For it is our insides – our thoughts, words, and deeds, which are of concern to Jesus, and he has no problem naming a few handfuls of examples of ways we live out our own selfish desires. Ways that we live out our desires that serve to separate us from God – ways that are solely, our OWN doing. Like the Pharisees, we worry about how something “looks” from the outside….perhaps spending more of our energy and chatter on our judgment of how things may appear. We lament the state of the world today (thinking and saying things like…kids these days, or bemoaning the behavior of government officials, or arguing about whether taking a knee is appropriate during the national anthem)….we take dangerous risks when we focus on someone else’s outsides instead of our very own and often quite flawed insides.
“You must understand this, my beloved; let everyone be quick to listen, slow to speak, slow to anger; for your anger does not produce God’s righteousness.” These words from our Epistle reading today from the book of James exhort us to action, to “be doers of the word, and not merely hearers who deceive themselves.” Peter Rhea Jones, a Baptist pastor and seminary professor remarks that we as Christians would do well to eschew the “deception of passive faith,” as we cast our eyes toward how OTHERS should be behaving rather than standing and carefully examining our OWN selves in the reflection in the mirror. Who are we….really? Who are we reflecting in our life and work? To whom do we belong? And if we KNOW whose we are, then what are we called to do and who are we called to become?

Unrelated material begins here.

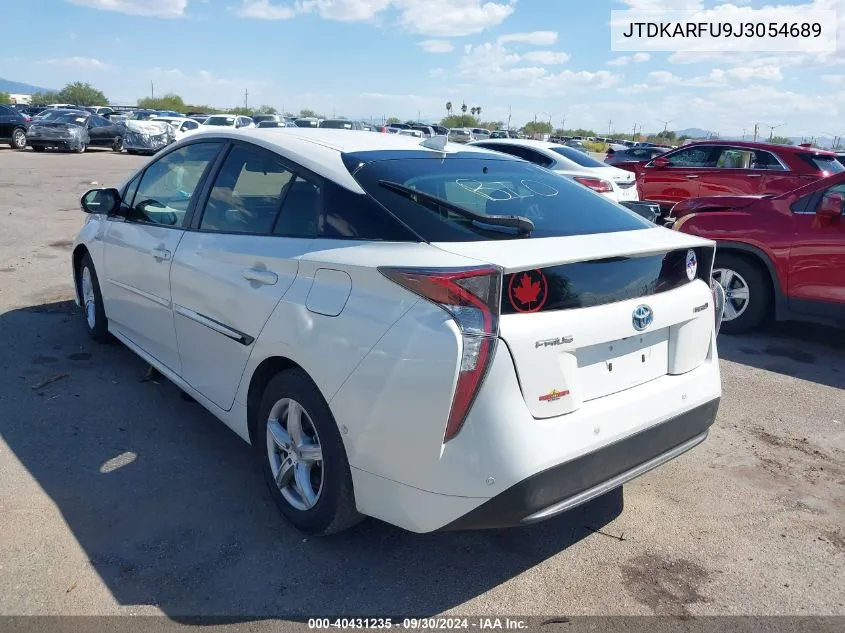 2018 Toyota Prius Three VIN: JTDKARFU9J3054689 Lot: 40431235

As doers of the word, we will never be without fault. We are still human, still with tendencies toward selfish actions and judgments. But what would it look like if we were all committed to REALLY being DOERS OF THE WORD. Jesus challenges the religious beliefs of the day with an attempt to redirect back to God those who are within earshot of his words. Back to God’s radical love of God’s people. Back to the scriptures they knew so well; reminding them, and by extension reminding US that we are to honor God with our hearts as well as our lips. And honoring God, bringing ourselves back into the membership of the communion of saints is to RE-MEMBER that we must accept God’s love AND send out God’s love to all. While we are individuals with our own talents, callings, and gifts, we are united together in community with God and sent forth to spread love with our words and our actions. We must worry less about what is on the outside of those we meet and look at them in love, the way that God most surely sees us with God’s own eyes.
While Theo Peterson is just starting on life’s journey this week, our country carved out some significant time this same week to celebrate the lives of two very different, yet iconic figures in our society in Aretha Franklin and John McCain. Neither was perfect. Neither claimed to be. But both were remembered as people who loved. They were people of action, albeit in very different ways. They were doers: Aretha using her position in tangible ways during the Civil Rights Movement; McCain using his platform to hold others accountable for truth. They were imperfect in life but created by God and surely welcomed at the feet of Jesus when their earthly life was finished. They were so loved by God and as evidenced by the ways they have been honored in death, they loved and led others in ways that brought about change in their respective worlds.
We are created by God. Loved by God. Anointed by God. Bestowed with gifts and talents from God. Empowered by the gift of Christ to go forth and spread love into the world. We are doers of the Word. How will you be remembered? How will the church of God be known in the world today? We know to whom we belong, and starting within our own selves, we can and we must work to join with Christ as we are called to do. Called to join with Christ to bring about Christ’s kingdom. Lord, what will you have me do?